Your goal:
Keeping each word and mark in place, write out the full listing once more.

Provided information:
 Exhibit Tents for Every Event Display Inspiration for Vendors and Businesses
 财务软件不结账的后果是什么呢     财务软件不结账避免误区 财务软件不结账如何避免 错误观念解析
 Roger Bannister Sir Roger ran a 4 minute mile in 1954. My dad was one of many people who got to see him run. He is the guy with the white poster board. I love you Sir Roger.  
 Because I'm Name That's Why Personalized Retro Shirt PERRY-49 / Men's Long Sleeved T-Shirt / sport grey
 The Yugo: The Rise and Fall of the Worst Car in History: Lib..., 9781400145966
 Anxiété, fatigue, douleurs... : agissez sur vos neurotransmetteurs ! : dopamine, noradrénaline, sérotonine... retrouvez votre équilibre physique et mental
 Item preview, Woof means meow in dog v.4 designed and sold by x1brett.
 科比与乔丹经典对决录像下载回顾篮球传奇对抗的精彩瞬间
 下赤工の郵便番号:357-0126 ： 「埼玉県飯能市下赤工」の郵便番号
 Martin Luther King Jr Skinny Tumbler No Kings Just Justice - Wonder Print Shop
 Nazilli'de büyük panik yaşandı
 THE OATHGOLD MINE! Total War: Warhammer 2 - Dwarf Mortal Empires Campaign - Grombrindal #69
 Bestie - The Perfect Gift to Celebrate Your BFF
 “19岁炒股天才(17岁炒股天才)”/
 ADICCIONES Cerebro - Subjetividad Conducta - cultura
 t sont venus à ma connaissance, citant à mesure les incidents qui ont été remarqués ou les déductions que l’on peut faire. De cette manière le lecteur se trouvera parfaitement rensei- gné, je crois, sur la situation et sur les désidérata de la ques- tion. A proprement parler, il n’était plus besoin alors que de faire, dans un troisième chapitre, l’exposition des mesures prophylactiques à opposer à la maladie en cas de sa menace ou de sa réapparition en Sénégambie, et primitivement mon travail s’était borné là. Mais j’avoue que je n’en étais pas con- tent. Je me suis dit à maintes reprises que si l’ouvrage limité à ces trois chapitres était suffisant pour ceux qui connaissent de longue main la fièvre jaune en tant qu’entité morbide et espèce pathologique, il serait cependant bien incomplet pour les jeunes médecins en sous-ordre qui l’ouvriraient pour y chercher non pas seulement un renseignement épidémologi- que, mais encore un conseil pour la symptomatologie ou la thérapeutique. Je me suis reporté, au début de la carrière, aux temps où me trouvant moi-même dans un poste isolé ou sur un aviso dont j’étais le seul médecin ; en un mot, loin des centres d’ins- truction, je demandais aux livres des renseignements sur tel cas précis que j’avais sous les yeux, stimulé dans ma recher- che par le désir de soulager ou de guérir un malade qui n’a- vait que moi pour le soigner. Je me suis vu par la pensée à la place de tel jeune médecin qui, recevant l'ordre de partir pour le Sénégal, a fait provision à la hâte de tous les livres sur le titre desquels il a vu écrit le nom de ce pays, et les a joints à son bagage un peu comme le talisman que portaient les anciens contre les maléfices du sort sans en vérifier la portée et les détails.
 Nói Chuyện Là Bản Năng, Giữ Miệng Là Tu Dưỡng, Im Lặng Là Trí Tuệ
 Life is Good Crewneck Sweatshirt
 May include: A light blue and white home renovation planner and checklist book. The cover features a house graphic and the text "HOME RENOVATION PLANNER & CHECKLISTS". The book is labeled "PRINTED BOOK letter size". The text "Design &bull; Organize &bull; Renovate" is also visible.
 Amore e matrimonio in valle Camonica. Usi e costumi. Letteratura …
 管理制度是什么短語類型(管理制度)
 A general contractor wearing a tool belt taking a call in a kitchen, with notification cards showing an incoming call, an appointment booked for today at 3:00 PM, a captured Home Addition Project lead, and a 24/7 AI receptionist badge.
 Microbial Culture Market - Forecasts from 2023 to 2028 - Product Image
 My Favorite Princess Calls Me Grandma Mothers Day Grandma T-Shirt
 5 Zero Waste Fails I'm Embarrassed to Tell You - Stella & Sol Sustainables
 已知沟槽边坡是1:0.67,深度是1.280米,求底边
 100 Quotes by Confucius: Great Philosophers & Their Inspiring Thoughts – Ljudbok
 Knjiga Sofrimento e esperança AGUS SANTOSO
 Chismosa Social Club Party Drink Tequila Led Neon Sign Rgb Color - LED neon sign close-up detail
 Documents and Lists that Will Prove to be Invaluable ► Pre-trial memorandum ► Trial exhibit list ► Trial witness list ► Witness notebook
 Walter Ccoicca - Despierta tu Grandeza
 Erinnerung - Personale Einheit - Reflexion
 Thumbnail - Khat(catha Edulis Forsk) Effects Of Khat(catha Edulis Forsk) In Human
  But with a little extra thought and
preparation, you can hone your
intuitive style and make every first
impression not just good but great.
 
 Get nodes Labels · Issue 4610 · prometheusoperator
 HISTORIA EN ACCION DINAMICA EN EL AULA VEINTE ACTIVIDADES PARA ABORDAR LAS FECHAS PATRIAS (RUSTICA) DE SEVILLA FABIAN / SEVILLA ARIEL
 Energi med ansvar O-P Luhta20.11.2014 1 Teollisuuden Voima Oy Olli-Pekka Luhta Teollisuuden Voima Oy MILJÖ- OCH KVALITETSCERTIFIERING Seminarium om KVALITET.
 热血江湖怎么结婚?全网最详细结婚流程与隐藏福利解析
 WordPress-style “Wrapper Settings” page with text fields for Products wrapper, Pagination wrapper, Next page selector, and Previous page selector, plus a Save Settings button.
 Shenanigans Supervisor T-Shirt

Answer to this exercise:
 Exhibit Tents for Every Event Display Inspiration for Vendors and Businesses
 财务软件不结账的后果是什么呢     财务软件不结账避免误区 财务软件不结账如何避免 错误观念解析
 Roger Bannister Sir Roger ran a 4 minute mile in 1954. My dad was one of many people who got to see him run. He is the guy with the white poster board. I love you Sir Roger.  
 Because I'm Name That's Why Personalized Retro Shirt PERRY-49 / Men's Long Sleeved T-Shirt / sport grey
 The Yugo: The Rise and Fall of the Worst Car in History: Lib..., 9781400145966
 Anxiété, fatigue, douleurs... : agissez sur vos neurotransmetteurs ! : dopamine, noradrénaline, sérotonine... retrouvez votre équilibre physique et mental
 Item preview, Woof means meow in dog v.4 designed and sold by x1brett.
 科比与乔丹经典对决录像下载回顾篮球传奇对抗的精彩瞬间
 下赤工の郵便番号:357-0126 ： 「埼玉県飯能市下赤工」の郵便番号
 Martin Luther King Jr Skinny Tumbler No Kings Just Justice - Wonder Print Shop
 Nazilli'de büyük panik yaşandı
 THE OATHGOLD MINE! Total War: Warhammer 2 - Dwarf Mortal Empires Campaign - Grombrindal #69
 Bestie - The Perfect Gift to Celebrate Your BFF
 “19岁炒股天才(17岁炒股天才)”/
 ADICCIONES Cerebro - Subjetividad Conducta - cultura
 t sont venus à ma connaissance, citant à mesure les incidents qui ont été remarqués ou les déductions que l’on peut faire. De cette manière le lecteur se trouvera parfaitement rensei- gné, je crois, sur la situation et sur les désidérata de la ques- tion. A proprement parler, il n’était plus besoin alors que de faire, dans un troisième chapitre, l’exposition des mesures prophylactiques à opposer à la maladie en cas de sa menace ou de sa réapparition en Sénégambie, et primitivement mon travail s’était borné là. Mais j’avoue que je n’en étais pas con- tent. Je me suis dit à maintes reprises que si l’ouvrage limité à ces trois chapitres était suffisant pour ceux qui connaissent de longue main la fièvre jaune en tant qu’entité morbide et espèce pathologique, il serait cependant bien incomplet pour les jeunes médecins en sous-ordre qui l’ouvriraient pour y chercher non pas seulement un renseignement épidémologi- que, mais encore un conseil pour la symptomatologie ou la thérapeutique. Je me suis reporté, au début de la carrière, aux temps où me trouvant moi-même dans un poste isolé ou sur un aviso dont j’étais le seul médecin ; en un mot, loin des centres d’ins- truction, je demandais aux livres des renseignements sur tel cas précis que j’avais sous les yeux, stimulé dans ma recher- che par le désir de soulager ou de guérir un malade qui n’a- vait que moi pour le soigner. Je me suis vu par la pensée à la place de tel jeune médecin qui, recevant l'ordre de partir pour le Sénégal, a fait provision à la hâte de tous les livres sur le titre desquels il a vu écrit le nom de ce pays, et les a joints à son bagage un peu comme le talisman que portaient les anciens contre les maléfices du sort sans en vérifier la portée et les détails.
 Nói Chuyện Là Bản Năng, Giữ Miệng Là Tu Dưỡng, Im Lặng Là Trí Tuệ
 Life is Good Crewneck Sweatshirt
 May include: A light blue and white home renovation planner and checklist book. The cover features a house graphic and the text "HOME RENOVATION PLANNER & CHECKLISTS". The book is labeled "PRINTED BOOK letter size". The text "Design &bull; Organize &bull; Renovate" is also visible.
 Amore e matrimonio in valle Camonica. Usi e costumi. Letteratura …
 管理制度是什么短語類型(管理制度)
 A general contractor wearing a tool belt taking a call in a kitchen, with notification cards showing an incoming call, an appointment booked for today at 3:00 PM, a captured Home Addition Project lead, and a 24/7 AI receptionist badge.
 Microbial Culture Market - Forecasts from 2023 to 2028 - Product Image
 My Favorite Princess Calls Me Grandma Mothers Day Grandma T-Shirt
 5 Zero Waste Fails I'm Embarrassed to Tell You - Stella & Sol Sustainables
 已知沟槽边坡是1:0.67,深度是1.280米,求底边
 100 Quotes by Confucius: Great Philosophers & Their Inspiring Thoughts – Ljudbok
 Knjiga Sofrimento e esperança AGUS SANTOSO
 Chismosa Social Club Party Drink Tequila Led Neon Sign Rgb Color - LED neon sign close-up detail
 Documents and Lists that Will Prove to be Invaluable ► Pre-trial memorandum ► Trial exhibit list ► Trial witness list ► Witness notebook
 Walter Ccoicca - Despierta tu Grandeza
 Erinnerung - Personale Einheit - Reflexion
 Thumbnail - Khat(catha Edulis Forsk) Effects Of Khat(catha Edulis Forsk) In Human
  But with a little extra thought and
preparation, you can hone your
intuitive style and make every first
impression not just good but great.
 
 Get nodes Labels · Issue 4610 · prometheusoperator
 HISTORIA EN ACCION DINAMICA EN EL AULA VEINTE ACTIVIDADES PARA ABORDAR LAS FECHAS PATRIAS (RUSTICA) DE SEVILLA FABIAN / SEVILLA ARIEL
 Energi med ansvar O-P Luhta20.11.2014 1 Teollisuuden Voima Oy Olli-Pekka Luhta Teollisuuden Voima Oy MILJÖ- OCH KVALITETSCERTIFIERING Seminarium om KVALITET.
 热血江湖怎么结婚?全网最详细结婚流程与隐藏福利解析
 WordPress-style “Wrapper Settings” page with text fields for Products wrapper, Pagination wrapper, Next page selector, and Previous page selector, plus a Save Settings button.
 Shenanigans Supervisor T-Shirt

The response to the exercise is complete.